Mittelman starts his argument from the perspective that the increasingly micro-level analyses and stove-piped methods for understanding conflict are not sufficient for understanding the intricacies of a hypercompetitive and hyperpowerful environment. In the hyper environment, security is less defined by state power and the interactions between states but instead is defined by the ways that state, non-state and extra-state actors all interact across an increasingly amorphous global political economy. At the root of this economy is the projection of influence from hyperpowers. As the space around inter-state politics shifts, and non-state and extra-state actors are able to project influence and impact global processes through illicit and licit participation in the political economy of violence, hyperpowers must respond by promoting peace as a function of towing the neoliberal democratic line. Within this space, access to arms, the monopoly of violence and notions of who participates in the protection and definition of security ceases to be about states interacting in a Westphalian system; it is instead replaced with a hypercompetitive economic system where stability is increasingly limited and security (both human and military) is increasingly tenuous .
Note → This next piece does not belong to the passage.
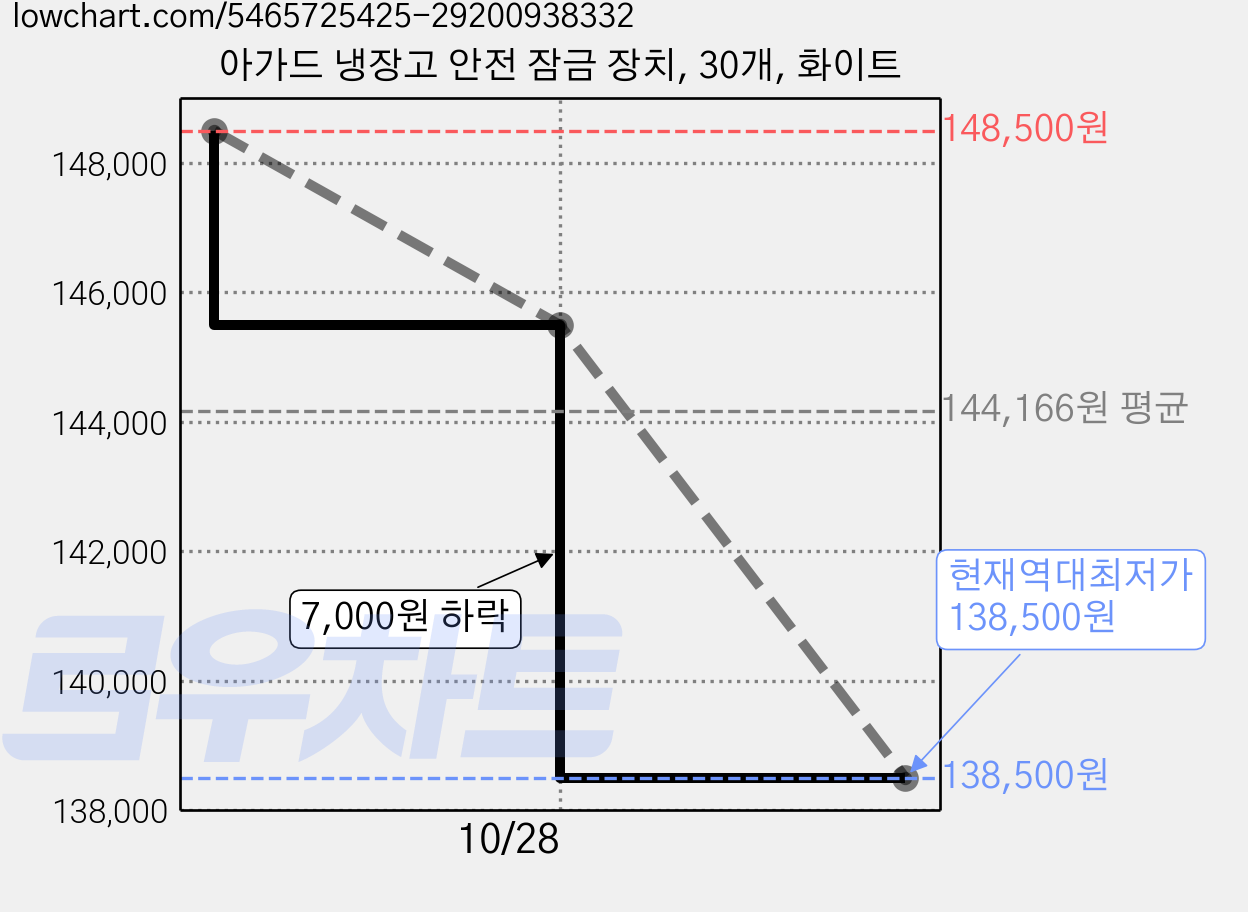아가드 냉장고 안전 잠금 장치, 30개, 화이트 가격 변동 차트, 현재가 138,500원, 역대최저가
Mittelman takes us through the process how we reached a hyper stage of conflict, starting with the Multilateral Agreement on Investment (MAI) through the Asian bubble and crash, the anti-globalization movement and into the modern war on terror and “super empire” that the U.S. has become. The MAI, meant to create open markets for investment and promote free trade and privatization, became an opportunity first for states to compete over notions of access and regulation, then for non-state and sub-state actors to voice concerns and disagreement. Definitions of sovereignty were stretched during the negotiations, and the U.S. was particularly focused on driving the MAI forward in a way that circumvented local restrictions on investment. The open flow of cash that come out of these negotiations led to the bubble in Asia and when this bubble collapsed, in an effort to protect its interests, the United States provided investment and expanded its military reach eastward to provide security. The hypercompetition that came from the MAI had begun to feed the hyperpower of the United States, since private investment, political economy and military projection were beginning to merge.
Out of this came a global anti-globalization response, particularly focused on the power and reach of U.S. military-economic interests. As the impacts of the MAI spread, disparities in wealth increased as Americanism expanded into cultural and social norms outside the U.S. 9/11 offered the chance to push American reach even further, simultaneously driving economic instability and expanding the impact and reach of American violence and super empire.
In this analysis, Mittelman succeeds in a way that a traditional offensive realist like Mearsheimer cannot, since Mittelman’s approach encompasses modern financial and economic factors lacking in an offensive realist model. By viewing the space of conflict as a table of interactions involving state, sub-state and extra-state actors and economic and resource access, we see a model that describes the realities of the modern global political economic system. Never have we been so rapidly able to invest, travel or communicate; conversely, never have we been so able to compete and project power.
Unfortunately Mittelman leaves the reader a little desperate for answers, and hope for the future is less likely in Mittelman’s scenario. While he makes a point to say that this is not a predictive analysis, the weight of the argument leads the reader to the conclusion that hyperconflict is increasingly inevitable. While he avoids prescription, he does at least give a sober analysis of where the political economy of power is taking us, and in this space policy makers and the general public should be able to make better informed decisions about leadership and policy.